__Task to complete__
Retype all of the records shown beneath this task, exactly as they stand.

__Available records__
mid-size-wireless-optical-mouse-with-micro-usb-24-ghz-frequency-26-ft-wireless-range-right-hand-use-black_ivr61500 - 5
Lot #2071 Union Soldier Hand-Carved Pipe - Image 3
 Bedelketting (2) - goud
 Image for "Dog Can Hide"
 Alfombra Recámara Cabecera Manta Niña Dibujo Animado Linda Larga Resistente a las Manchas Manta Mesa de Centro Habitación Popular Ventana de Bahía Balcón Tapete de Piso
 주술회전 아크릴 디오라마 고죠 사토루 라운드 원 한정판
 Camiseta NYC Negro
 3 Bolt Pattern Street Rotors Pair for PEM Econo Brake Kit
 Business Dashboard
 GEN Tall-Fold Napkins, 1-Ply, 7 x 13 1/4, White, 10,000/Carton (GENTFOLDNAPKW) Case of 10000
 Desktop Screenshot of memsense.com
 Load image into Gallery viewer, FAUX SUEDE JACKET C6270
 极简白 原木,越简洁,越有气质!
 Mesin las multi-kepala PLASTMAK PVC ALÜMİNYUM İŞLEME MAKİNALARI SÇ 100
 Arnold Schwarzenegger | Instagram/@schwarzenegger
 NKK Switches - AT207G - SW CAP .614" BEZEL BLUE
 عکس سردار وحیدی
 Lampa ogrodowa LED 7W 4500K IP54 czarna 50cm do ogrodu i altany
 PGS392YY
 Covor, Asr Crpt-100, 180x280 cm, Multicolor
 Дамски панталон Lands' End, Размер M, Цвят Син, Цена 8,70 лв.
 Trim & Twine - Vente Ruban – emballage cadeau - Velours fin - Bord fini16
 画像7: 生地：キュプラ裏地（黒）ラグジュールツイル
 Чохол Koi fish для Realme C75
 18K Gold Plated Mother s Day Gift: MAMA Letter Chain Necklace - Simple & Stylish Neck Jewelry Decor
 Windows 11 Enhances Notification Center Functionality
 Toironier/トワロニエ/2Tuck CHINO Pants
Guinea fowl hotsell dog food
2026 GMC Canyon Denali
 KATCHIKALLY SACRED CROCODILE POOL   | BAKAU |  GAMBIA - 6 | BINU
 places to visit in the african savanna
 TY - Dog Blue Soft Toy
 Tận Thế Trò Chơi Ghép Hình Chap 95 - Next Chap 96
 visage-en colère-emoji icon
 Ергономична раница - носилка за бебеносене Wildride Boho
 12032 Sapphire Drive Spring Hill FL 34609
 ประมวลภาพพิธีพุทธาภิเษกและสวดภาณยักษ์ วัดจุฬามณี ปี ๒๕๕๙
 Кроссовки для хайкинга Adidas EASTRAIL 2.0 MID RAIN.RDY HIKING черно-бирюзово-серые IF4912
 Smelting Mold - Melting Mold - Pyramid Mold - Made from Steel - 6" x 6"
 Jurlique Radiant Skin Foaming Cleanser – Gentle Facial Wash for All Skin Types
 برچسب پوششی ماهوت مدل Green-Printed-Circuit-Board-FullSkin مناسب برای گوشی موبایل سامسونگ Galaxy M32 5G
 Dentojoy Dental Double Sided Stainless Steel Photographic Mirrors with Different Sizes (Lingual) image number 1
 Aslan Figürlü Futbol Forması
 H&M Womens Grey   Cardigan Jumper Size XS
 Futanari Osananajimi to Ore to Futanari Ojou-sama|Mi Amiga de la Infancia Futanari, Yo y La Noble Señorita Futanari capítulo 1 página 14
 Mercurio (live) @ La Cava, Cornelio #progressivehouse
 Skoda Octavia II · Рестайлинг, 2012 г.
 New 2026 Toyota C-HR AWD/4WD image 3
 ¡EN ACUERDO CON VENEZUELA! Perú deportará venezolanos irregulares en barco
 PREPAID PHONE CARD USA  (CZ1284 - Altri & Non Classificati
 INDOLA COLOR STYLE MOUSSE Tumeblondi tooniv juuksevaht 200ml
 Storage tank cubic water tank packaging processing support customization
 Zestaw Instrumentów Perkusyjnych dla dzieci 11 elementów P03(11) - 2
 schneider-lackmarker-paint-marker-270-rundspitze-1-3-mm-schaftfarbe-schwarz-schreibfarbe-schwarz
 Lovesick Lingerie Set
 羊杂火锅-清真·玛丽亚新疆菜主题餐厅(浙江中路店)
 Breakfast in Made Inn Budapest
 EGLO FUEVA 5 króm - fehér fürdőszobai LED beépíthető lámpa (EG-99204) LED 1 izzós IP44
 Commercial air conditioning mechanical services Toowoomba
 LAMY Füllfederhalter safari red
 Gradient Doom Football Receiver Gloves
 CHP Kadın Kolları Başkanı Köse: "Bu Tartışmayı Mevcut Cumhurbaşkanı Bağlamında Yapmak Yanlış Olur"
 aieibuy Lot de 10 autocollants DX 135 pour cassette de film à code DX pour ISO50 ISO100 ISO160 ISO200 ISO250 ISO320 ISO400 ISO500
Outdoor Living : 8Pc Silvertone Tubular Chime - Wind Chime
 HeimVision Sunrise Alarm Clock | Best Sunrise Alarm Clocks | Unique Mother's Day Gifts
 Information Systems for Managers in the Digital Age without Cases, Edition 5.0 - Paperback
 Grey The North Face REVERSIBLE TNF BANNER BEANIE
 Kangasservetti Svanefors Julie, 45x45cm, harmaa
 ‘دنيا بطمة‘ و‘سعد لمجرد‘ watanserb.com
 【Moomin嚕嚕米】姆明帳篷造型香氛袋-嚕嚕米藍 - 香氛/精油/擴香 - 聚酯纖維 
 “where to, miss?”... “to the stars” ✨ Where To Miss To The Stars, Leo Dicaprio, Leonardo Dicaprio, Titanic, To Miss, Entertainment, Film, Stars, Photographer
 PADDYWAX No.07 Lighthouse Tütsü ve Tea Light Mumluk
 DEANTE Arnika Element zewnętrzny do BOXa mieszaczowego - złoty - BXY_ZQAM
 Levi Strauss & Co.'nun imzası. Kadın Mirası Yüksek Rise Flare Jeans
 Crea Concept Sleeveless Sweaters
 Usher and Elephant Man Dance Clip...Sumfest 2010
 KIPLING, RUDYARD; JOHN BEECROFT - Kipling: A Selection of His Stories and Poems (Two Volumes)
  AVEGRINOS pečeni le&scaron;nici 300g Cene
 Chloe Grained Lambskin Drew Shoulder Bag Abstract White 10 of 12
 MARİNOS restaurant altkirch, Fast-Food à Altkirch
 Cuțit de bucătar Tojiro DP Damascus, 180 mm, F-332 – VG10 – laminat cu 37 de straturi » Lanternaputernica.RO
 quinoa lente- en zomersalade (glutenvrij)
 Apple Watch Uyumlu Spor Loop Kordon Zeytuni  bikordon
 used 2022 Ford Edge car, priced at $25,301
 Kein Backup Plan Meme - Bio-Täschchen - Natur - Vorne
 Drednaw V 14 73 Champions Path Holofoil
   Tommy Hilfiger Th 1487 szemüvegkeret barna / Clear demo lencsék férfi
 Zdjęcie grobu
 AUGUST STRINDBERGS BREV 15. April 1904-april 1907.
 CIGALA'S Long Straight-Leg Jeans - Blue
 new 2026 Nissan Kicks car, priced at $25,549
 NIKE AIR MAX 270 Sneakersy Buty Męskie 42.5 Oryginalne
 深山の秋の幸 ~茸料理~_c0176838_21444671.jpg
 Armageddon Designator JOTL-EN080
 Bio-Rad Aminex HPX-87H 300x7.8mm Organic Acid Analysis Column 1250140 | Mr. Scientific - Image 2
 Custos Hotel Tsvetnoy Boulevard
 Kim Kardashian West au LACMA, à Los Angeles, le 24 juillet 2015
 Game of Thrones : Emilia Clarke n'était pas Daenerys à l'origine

__Solution to this task__
mid-size-wireless-optical-mouse-with-micro-usb-24-ghz-frequency-26-ft-wireless-range-right-hand-use-black_ivr61500 - 5
Lot #2071 Union Soldier Hand-Carved Pipe - Image 3
 Bedelketting (2) - goud
 Image for "Dog Can Hide"
 Alfombra Recámara Cabecera Manta Niña Dibujo Animado Linda Larga Resistente a las Manchas Manta Mesa de Centro Habitación Popular Ventana de Bahía Balcón Tapete de Piso
 주술회전 아크릴 디오라마 고죠 사토루 라운드 원 한정판
 Camiseta NYC Negro
 3 Bolt Pattern Street Rotors Pair for PEM Econo Brake Kit
 Business Dashboard
 GEN Tall-Fold Napkins, 1-Ply, 7 x 13 1/4, White, 10,000/Carton (GENTFOLDNAPKW) Case of 10000
 Desktop Screenshot of memsense.com
 Load image into Gallery viewer, FAUX SUEDE JACKET C6270
 极简白 原木,越简洁,越有气质!
 Mesin las multi-kepala PLASTMAK PVC ALÜMİNYUM İŞLEME MAKİNALARI SÇ 100
 Arnold Schwarzenegger | Instagram/@schwarzenegger
 NKK Switches - AT207G - SW CAP .614" BEZEL BLUE
 عکس سردار وحیدی
 Lampa ogrodowa LED 7W 4500K IP54 czarna 50cm do ogrodu i altany
 PGS392YY
 Covor, Asr Crpt-100, 180x280 cm, Multicolor
 Дамски панталон Lands' End, Размер M, Цвят Син, Цена 8,70 лв.
 Trim & Twine - Vente Ruban – emballage cadeau - Velours fin - Bord fini16
 画像7: 生地：キュプラ裏地（黒）ラグジュールツイル
 Чохол Koi fish для Realme C75
 18K Gold Plated Mother s Day Gift: MAMA Letter Chain Necklace - Simple & Stylish Neck Jewelry Decor
 Windows 11 Enhances Notification Center Functionality
 Toironier/トワロニエ/2Tuck CHINO Pants
Guinea fowl hotsell dog food
2026 GMC Canyon Denali
 KATCHIKALLY SACRED CROCODILE POOL   | BAKAU |  GAMBIA - 6 | BINU
 places to visit in the african savanna
 TY - Dog Blue Soft Toy
 Tận Thế Trò Chơi Ghép Hình Chap 95 - Next Chap 96
 visage-en colère-emoji icon
 Ергономична раница - носилка за бебеносене Wildride Boho
 12032 Sapphire Drive Spring Hill FL 34609
 ประมวลภาพพิธีพุทธาภิเษกและสวดภาณยักษ์ วัดจุฬามณี ปี ๒๕๕๙
 Кроссовки для хайкинга Adidas EASTRAIL 2.0 MID RAIN.RDY HIKING черно-бирюзово-серые IF4912
 Smelting Mold - Melting Mold - Pyramid Mold - Made from Steel - 6" x 6"
 Jurlique Radiant Skin Foaming Cleanser – Gentle Facial Wash for All Skin Types
 برچسب پوششی ماهوت مدل Green-Printed-Circuit-Board-FullSkin مناسب برای گوشی موبایل سامسونگ Galaxy M32 5G
 Dentojoy Dental Double Sided Stainless Steel Photographic Mirrors with Different Sizes (Lingual) image number 1
 Aslan Figürlü Futbol Forması
 H&M Womens Grey   Cardigan Jumper Size XS
 Futanari Osananajimi to Ore to Futanari Ojou-sama|Mi Amiga de la Infancia Futanari, Yo y La Noble Señorita Futanari capítulo 1 página 14
 Mercurio (live) @ La Cava, Cornelio #progressivehouse
 Skoda Octavia II · Рестайлинг, 2012 г.
 New 2026 Toyota C-HR AWD/4WD image 3
 ¡EN ACUERDO CON VENEZUELA! Perú deportará venezolanos irregulares en barco
 PREPAID PHONE CARD USA  (CZ1284 - Altri & Non Classificati
 INDOLA COLOR STYLE MOUSSE Tumeblondi tooniv juuksevaht 200ml
 Storage tank cubic water tank packaging processing support customization
 Zestaw Instrumentów Perkusyjnych dla dzieci 11 elementów P03(11) - 2
 schneider-lackmarker-paint-marker-270-rundspitze-1-3-mm-schaftfarbe-schwarz-schreibfarbe-schwarz
 Lovesick Lingerie Set
 羊杂火锅-清真·玛丽亚新疆菜主题餐厅(浙江中路店)
 Breakfast in Made Inn Budapest
 EGLO FUEVA 5 króm - fehér fürdőszobai LED beépíthető lámpa (EG-99204) LED 1 izzós IP44
 Commercial air conditioning mechanical services Toowoomba
 LAMY Füllfederhalter safari red
 Gradient Doom Football Receiver Gloves
 CHP Kadın Kolları Başkanı Köse: "Bu Tartışmayı Mevcut Cumhurbaşkanı Bağlamında Yapmak Yanlış Olur"
 aieibuy Lot de 10 autocollants DX 135 pour cassette de film à code DX pour ISO50 ISO100 ISO160 ISO200 ISO250 ISO320 ISO400 ISO500
Outdoor Living : 8Pc Silvertone Tubular Chime - Wind Chime
 HeimVision Sunrise Alarm Clock | Best Sunrise Alarm Clocks | Unique Mother's Day Gifts
 Information Systems for Managers in the Digital Age without Cases, Edition 5.0 - Paperback
 Grey The North Face REVERSIBLE TNF BANNER BEANIE
 Kangasservetti Svanefors Julie, 45x45cm, harmaa
 ‘دنيا بطمة‘ و‘سعد لمجرد‘ watanserb.com
 【Moomin嚕嚕米】姆明帳篷造型香氛袋-嚕嚕米藍 - 香氛/精油/擴香 - 聚酯纖維 
 “where to, miss?”... “to the stars” ✨ Where To Miss To The Stars, Leo Dicaprio, Leonardo Dicaprio, Titanic, To Miss, Entertainment, Film, Stars, Photographer
 PADDYWAX No.07 Lighthouse Tütsü ve Tea Light Mumluk
 DEANTE Arnika Element zewnętrzny do BOXa mieszaczowego - złoty - BXY_ZQAM
 Levi Strauss & Co.'nun imzası. Kadın Mirası Yüksek Rise Flare Jeans
 Crea Concept Sleeveless Sweaters
 Usher and Elephant Man Dance Clip...Sumfest 2010
 KIPLING, RUDYARD; JOHN BEECROFT - Kipling: A Selection of His Stories and Poems (Two Volumes)
  AVEGRINOS pečeni le&scaron;nici 300g Cene
 Chloe Grained Lambskin Drew Shoulder Bag Abstract White 10 of 12
 MARİNOS restaurant altkirch, Fast-Food à Altkirch
 Cuțit de bucătar Tojiro DP Damascus, 180 mm, F-332 – VG10 – laminat cu 37 de straturi » Lanternaputernica.RO
 quinoa lente- en zomersalade (glutenvrij)
 Apple Watch Uyumlu Spor Loop Kordon Zeytuni  bikordon
 used 2022 Ford Edge car, priced at $25,301
 Kein Backup Plan Meme - Bio-Täschchen - Natur - Vorne
 Drednaw V 14 73 Champions Path Holofoil
   Tommy Hilfiger Th 1487 szemüvegkeret barna / Clear demo lencsék férfi
 Zdjęcie grobu
 AUGUST STRINDBERGS BREV 15. April 1904-april 1907.
 CIGALA'S Long Straight-Leg Jeans - Blue
 new 2026 Nissan Kicks car, priced at $25,549
 NIKE AIR MAX 270 Sneakersy Buty Męskie 42.5 Oryginalne
 深山の秋の幸 ~茸料理~_c0176838_21444671.jpg
 Armageddon Designator JOTL-EN080
 Bio-Rad Aminex HPX-87H 300x7.8mm Organic Acid Analysis Column 1250140 | Mr. Scientific - Image 2
 Custos Hotel Tsvetnoy Boulevard
 Kim Kardashian West au LACMA, à Los Angeles, le 24 juillet 2015
 Game of Thrones : Emilia Clarke n'était pas Daenerys à l'origine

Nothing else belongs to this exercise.